E na sua entrevista ao jornal El País (em 20/11/2021) Lula respondeu. “Os democratas precisam aprender que a democracia é uma coisa séria. O povo não quer uma democracia para gritar que está desempregado; ele quer trabalho. Não quer democracia para gritar que está com fome; quer comer. O povo não gosta da democracia para dizer que não tem possibilidade de estudar; ele tem que estudar. E a democracia precisa garantir esses direitos. Na verdade, a democracia falhou em muitos lugares”.
Nesta resposta encontramos o núcleo da concepção de democracia de Lula. Em outras palavras – e em síntese – ele disse que a democracia não faz sentido se o povo passa fome. É a concepção da esquerda, segundo a qual a igualdade (socioeconômica) é precondição para a liberdade (política). Ademais, Lula acha que a democracia tem o dever de dar “casa, comida e roupa lavada” para o povo. É uma concepção claramente populista (porque caberá a alguem dar isso para o povo: o líder populista).
A igualdade (ou a redução das desigualdades) é desejável, mas – como já foi dito acima – se a democracia dependesse disso não teria sido inventada numa economia (em parte) escravista, em Atenas, na passagem do século 6 para o século 5 a.C. Se as pessoas não tiverem a liberdade de empreender esforços individuais e coletivos para melhorar suas condições de vida, quem deveria fazer isso? A resposta é óbvia: o líder populista, preparado (por quem, por Deus?) para conduzir o povo em direção a uma condição em que, aí então, a democracia faria sentido.
Essa é uma discussão resolvida por Amartya Sen nos anos 70. Quando perguntado se alguns povos estavam ou não preparados para a democracia, ele respondeu que a pergunta não tinha sentido na medida em que todos os povos se preparam “através da democracia”. A democracia é meio e fim. No que tange à igualdade (ou à redução das desigualdades) o que a democracia faz é permitir (mudando os padrões de convivência social) que as pessoas – caminhando com suas próprias pernas – possam dispender esforços para melhorar as suas condições de vida.

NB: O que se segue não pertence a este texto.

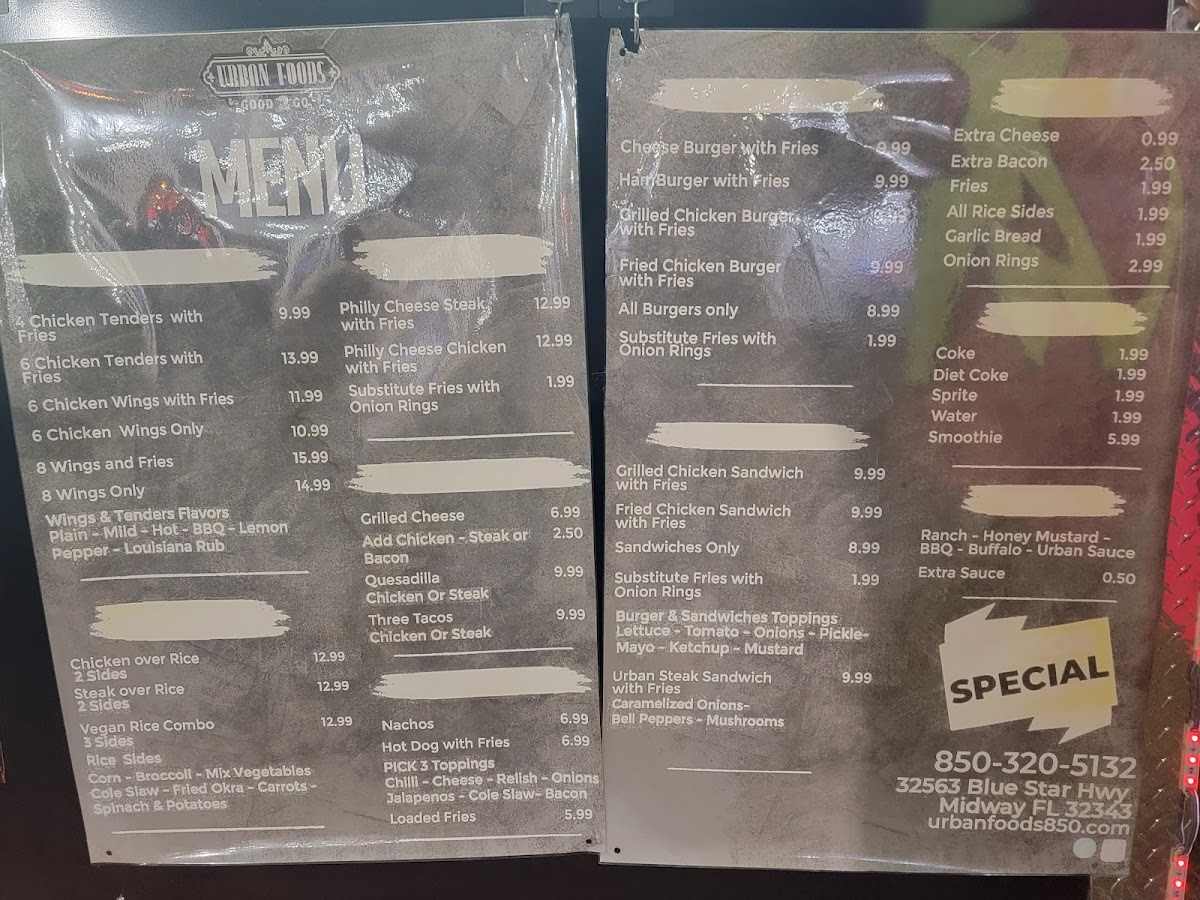 Urban Foods FOOD TRUCK menu board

Pior do que isso, entretanto, é interpretar a democracia como soberania popular. Imaginando que democracia seja, fundamentalmente, soberania popular, o populismo de esquerda faz um raciocínio simples, primário e incorreto: se nós somos os legítimos (ou mais legítimos) representantes do povo, o “verdadeiro povo” (the true people – composto pelos que seguem o líder), então nós somos a verdadeira democracia (traduzida como uma sociedade menos desigualitária e mais justa). Ou melhor, uma sociedade menos desigualitária e mais justa só poderá se estabelecer quando nós hegemonizarmos todos os processos da vida social, a começar pelas instituições estatais, passando pelos corporações sindicais e movimento sociais, até chegar às diversas formas primárias de sociabilidade.
Mas a democracia não é o poder de um (monarquia), dos melhores (aristocracia), de uma minoria (oligarquia), da maioria ou de todos (majoritarismo e tirania da maioria) e sim o poder de qualquer um. Como notou Jacques Rancière (2005), no seu magistral opusculo O ódio à democracia, isso quer dizer: “a indiferença das capacidades para ocupar as posições de governante ou de governado”.
Nas diretrizes redigidas pela direção do PT para o programa Lula (divulgadas em junho de 2022), a palavra soberania aparece 13 vezes (mais do que a palavra democracia – que, quando aparece, não raro vem junta com a palavra soberania).
Na cabeça de cada populista encontra-se o gérmen dessa ideia de raiz autocrática: a ideia de soberania. Entretanto, para a democracia nenhuma pessoa, nenhuma parcela da população (nem mesmo a abstração chamada ‘o povo’ para se referir aos mais pobres ou à maioria), nenhum governo, nenhum partido, podem ser soberanos. Só a lei (democraticamente aprovada) pode ser soberana.